Data in this exercise:
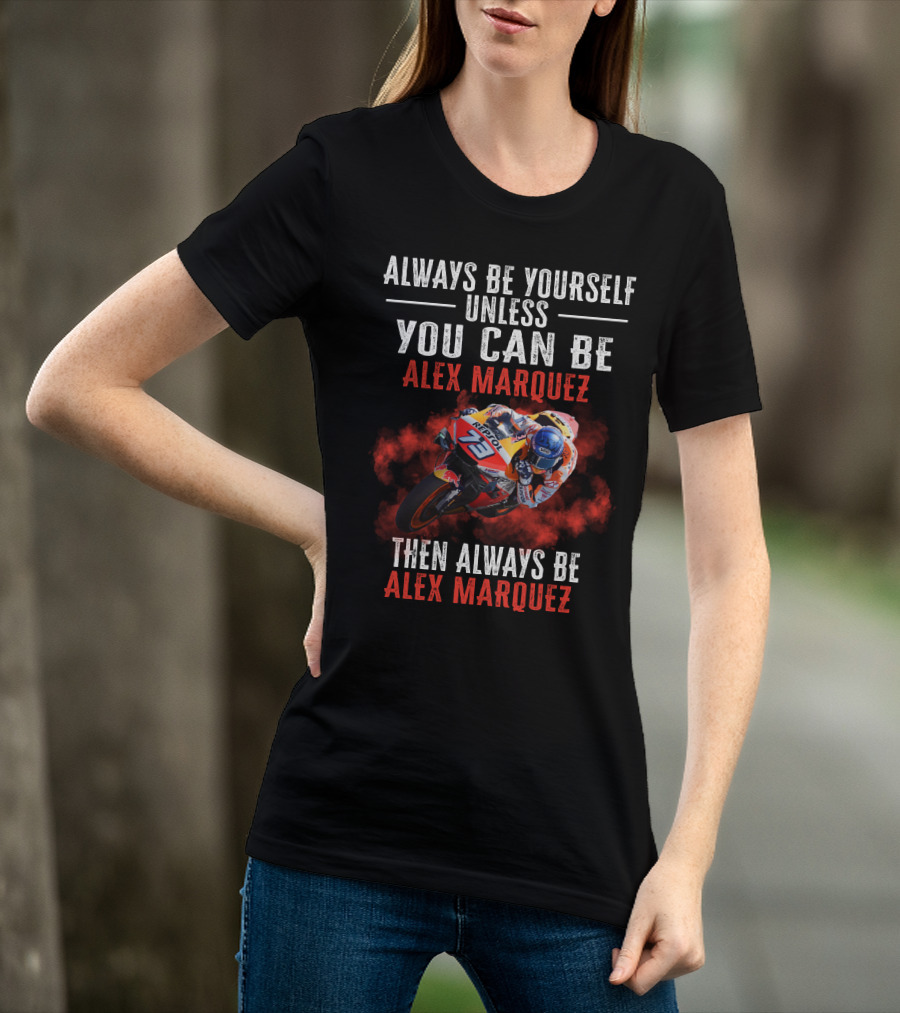 Always Be Yourself Unless You Can Be Alex Marquez Then Always Be Alex Marquez T-Shirt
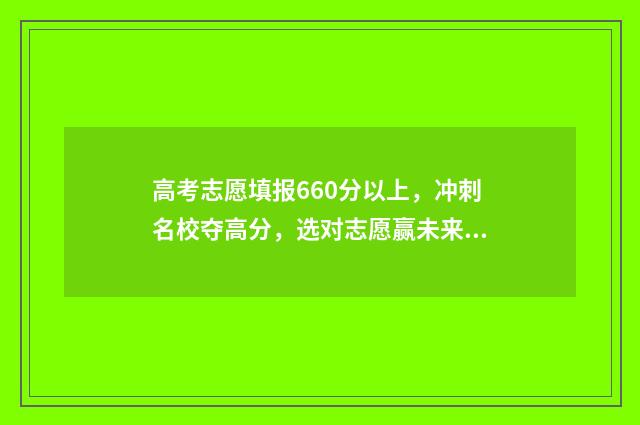 高考志愿填报660分以上，冲刺名校夺高分，选对志愿赢未来 高考志愿填报时间2024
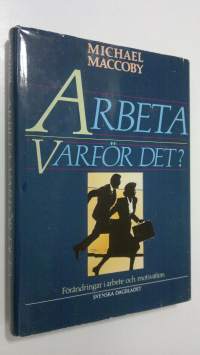 Arbeta varför det? : förändringar i arbete och motivation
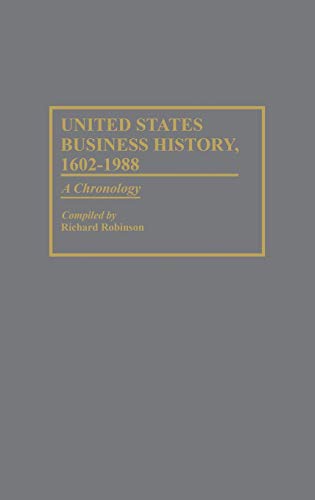 United States Business History, 1602-1988: A Chronology (Literature; Twas 818)
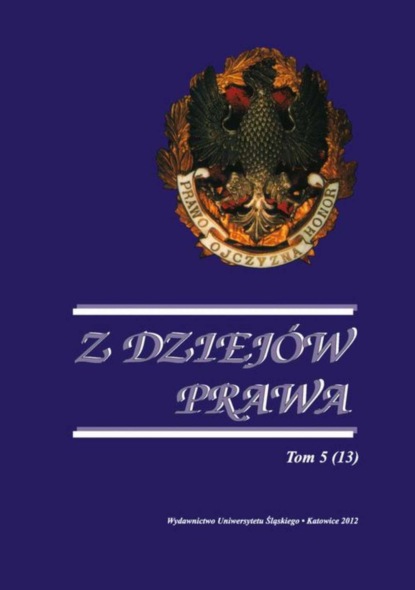 

Z Dziejów Prawa. T. 5 (13)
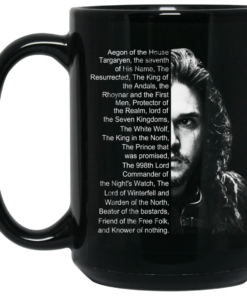 Jon Snow List Name Aegon Of The House Mug Shirt Sweatshirt Long Sleeve Hoodie Tank Mug 2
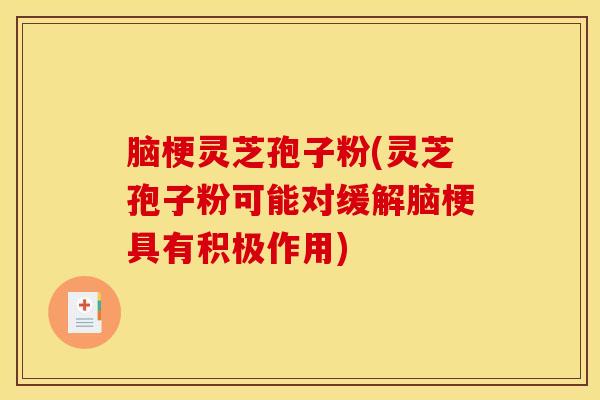 脑梗灵芝孢子粉(灵芝孢子粉可能对缓解脑梗具有积极作用)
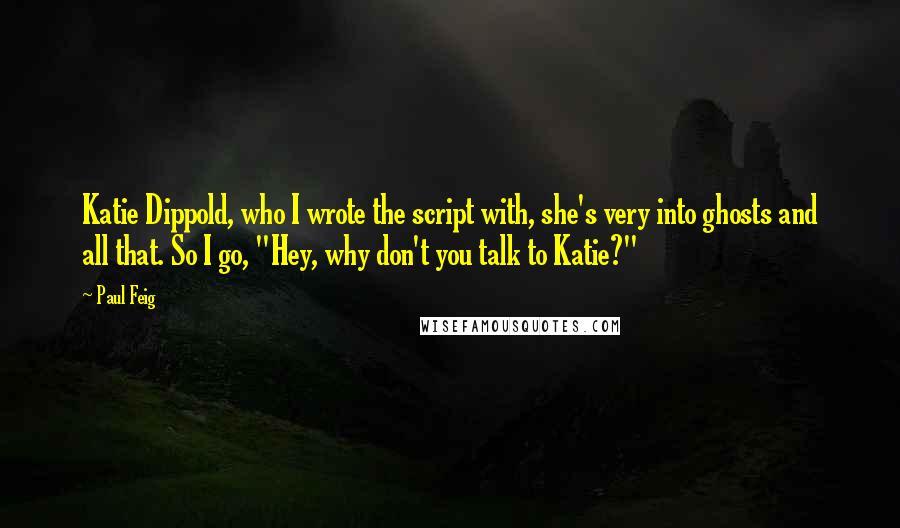 Paul Feig Quotes: Katie Dippold, who I wrote the script with, she's very into ghosts and all that. So I go, "Hey, why don't you talk to Katie?"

What you have to do:
Could you give the listing again exactly, minus its pictures?

Exercise output:
 Always Be Yourself Unless You Can Be Alex Marquez Then Always Be Alex Marquez T-Shirt
 高考志愿填报660分以上，冲刺名校夺高分，选对志愿赢未来 高考志愿填报时间2024
 Arbeta varför det? : förändringar i arbete och motivation
 United States Business History, 1602-1988: A Chronology (Literature; Twas 818)

Z Dziejów Prawa. T. 5 (13)
 Jon Snow List Name Aegon Of The House Mug Shirt Sweatshirt Long Sleeve Hoodie Tank Mug 2
 脑梗灵芝孢子粉(灵芝孢子粉可能对缓解脑梗具有积极作用)
 Paul Feig Quotes: Katie Dippold, who I wrote the script with, she's very into ghosts and all that. So I go, "Hey, why don't you talk to Katie?"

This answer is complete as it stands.